Resolv warns: stop trading USR as forged tokens mix

Resolv Labs has urged users not to trade or buy USR on the secondary market while the incident response and asset recovery are ongoing. On-chain data shows that USR minted illegally by hackers has been mixed and circulated across many addresses together with legitimate USR minted before the attack. Resolv says the forged USR has no redemption rights, and any trading now could expose users to illegal tokens and make later recovery, settlement, and cleanup harder. The team is working with affected protocols to develop solutions and assess possible compensation for harmed holders, but compensation may be constrained if trading of USR continues.
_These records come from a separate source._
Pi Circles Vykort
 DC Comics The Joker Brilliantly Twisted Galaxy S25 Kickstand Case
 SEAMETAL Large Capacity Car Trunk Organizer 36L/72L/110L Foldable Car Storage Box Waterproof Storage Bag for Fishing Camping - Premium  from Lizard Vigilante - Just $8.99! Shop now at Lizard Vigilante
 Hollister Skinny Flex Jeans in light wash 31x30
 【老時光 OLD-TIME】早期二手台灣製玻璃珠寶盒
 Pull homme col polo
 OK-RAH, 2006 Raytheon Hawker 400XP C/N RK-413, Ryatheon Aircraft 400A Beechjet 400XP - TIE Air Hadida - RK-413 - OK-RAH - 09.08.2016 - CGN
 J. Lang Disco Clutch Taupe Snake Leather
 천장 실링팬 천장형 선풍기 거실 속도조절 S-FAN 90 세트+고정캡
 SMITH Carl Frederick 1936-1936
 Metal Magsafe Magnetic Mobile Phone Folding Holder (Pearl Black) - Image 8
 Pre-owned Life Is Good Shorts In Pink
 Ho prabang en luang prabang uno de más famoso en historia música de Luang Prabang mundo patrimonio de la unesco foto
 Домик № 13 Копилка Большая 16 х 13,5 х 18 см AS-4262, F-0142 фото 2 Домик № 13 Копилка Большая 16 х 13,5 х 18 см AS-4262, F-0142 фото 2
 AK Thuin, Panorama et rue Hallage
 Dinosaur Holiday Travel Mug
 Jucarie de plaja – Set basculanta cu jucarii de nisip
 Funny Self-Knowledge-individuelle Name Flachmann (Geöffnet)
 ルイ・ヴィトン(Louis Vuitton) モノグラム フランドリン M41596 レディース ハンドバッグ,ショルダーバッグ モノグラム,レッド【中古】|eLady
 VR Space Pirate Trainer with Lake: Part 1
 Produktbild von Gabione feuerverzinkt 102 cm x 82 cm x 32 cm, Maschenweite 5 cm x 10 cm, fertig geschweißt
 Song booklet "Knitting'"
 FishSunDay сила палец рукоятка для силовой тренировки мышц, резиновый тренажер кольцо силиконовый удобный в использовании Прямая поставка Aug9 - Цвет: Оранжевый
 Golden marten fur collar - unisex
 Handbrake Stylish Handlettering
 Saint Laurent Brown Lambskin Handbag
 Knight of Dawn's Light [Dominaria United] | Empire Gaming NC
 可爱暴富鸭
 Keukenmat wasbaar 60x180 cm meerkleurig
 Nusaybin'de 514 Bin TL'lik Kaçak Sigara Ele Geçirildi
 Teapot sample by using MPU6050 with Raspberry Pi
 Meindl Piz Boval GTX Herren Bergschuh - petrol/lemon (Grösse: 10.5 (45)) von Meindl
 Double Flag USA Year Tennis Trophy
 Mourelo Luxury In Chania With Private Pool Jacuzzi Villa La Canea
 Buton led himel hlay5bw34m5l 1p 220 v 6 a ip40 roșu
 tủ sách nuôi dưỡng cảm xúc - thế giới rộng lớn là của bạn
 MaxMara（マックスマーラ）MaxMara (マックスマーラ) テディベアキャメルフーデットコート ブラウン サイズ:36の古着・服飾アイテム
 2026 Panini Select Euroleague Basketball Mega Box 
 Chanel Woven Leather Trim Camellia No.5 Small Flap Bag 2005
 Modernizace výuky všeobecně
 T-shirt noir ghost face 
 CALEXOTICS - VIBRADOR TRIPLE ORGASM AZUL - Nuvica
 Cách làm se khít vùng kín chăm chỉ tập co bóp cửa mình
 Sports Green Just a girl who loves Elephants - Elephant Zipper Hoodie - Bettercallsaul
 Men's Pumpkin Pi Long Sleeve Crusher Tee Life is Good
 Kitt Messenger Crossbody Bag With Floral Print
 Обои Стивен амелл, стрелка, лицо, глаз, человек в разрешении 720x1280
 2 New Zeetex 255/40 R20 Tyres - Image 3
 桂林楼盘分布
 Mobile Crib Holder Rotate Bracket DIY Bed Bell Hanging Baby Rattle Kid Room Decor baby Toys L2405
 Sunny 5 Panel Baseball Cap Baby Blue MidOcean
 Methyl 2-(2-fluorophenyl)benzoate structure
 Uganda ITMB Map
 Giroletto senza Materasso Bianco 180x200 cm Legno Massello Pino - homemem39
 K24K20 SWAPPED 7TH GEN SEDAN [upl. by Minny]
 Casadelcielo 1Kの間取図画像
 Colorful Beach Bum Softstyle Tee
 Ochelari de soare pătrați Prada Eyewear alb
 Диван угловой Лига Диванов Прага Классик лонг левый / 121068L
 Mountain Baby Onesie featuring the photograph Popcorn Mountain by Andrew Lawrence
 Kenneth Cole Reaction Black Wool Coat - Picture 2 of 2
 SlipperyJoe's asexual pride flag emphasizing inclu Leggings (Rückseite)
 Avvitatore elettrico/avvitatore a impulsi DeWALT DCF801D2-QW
The core takeaway for traders: treat current USR flow as potentially contaminated and avoid new positions until the token status is clarified.
Bearish
This is a direct “asset safety” warning for USR. When a team publicly states that hacked/forged USR is mixed with legitimate USR and has no redemption rights, it usually triggers an immediate liquidity and pricing de-risking cycle: traders reduce exposure, exchanges/market makers may widen spreads, and demand can drop because the market cannot reliably distinguish valid USR from tainted tokens. In the short term, we’d expect higher volatility around USR, potential sell pressure, and cautious behavior from liquidity providers until token-migration/verification guidance is issued. In the longer term, outcomes depend on whether affected protocols successfully implement a clean resolution (burn/removal of forged supply, eligibility checks, and credible compensation). If resolution is slow or compensation is limited—especially under ongoing trading—confidence can remain impaired for weeks. This pattern resembles past token-hack episodes where mixed supply (without redemption) led to price drag until the community established verifiable token status and operational fixes.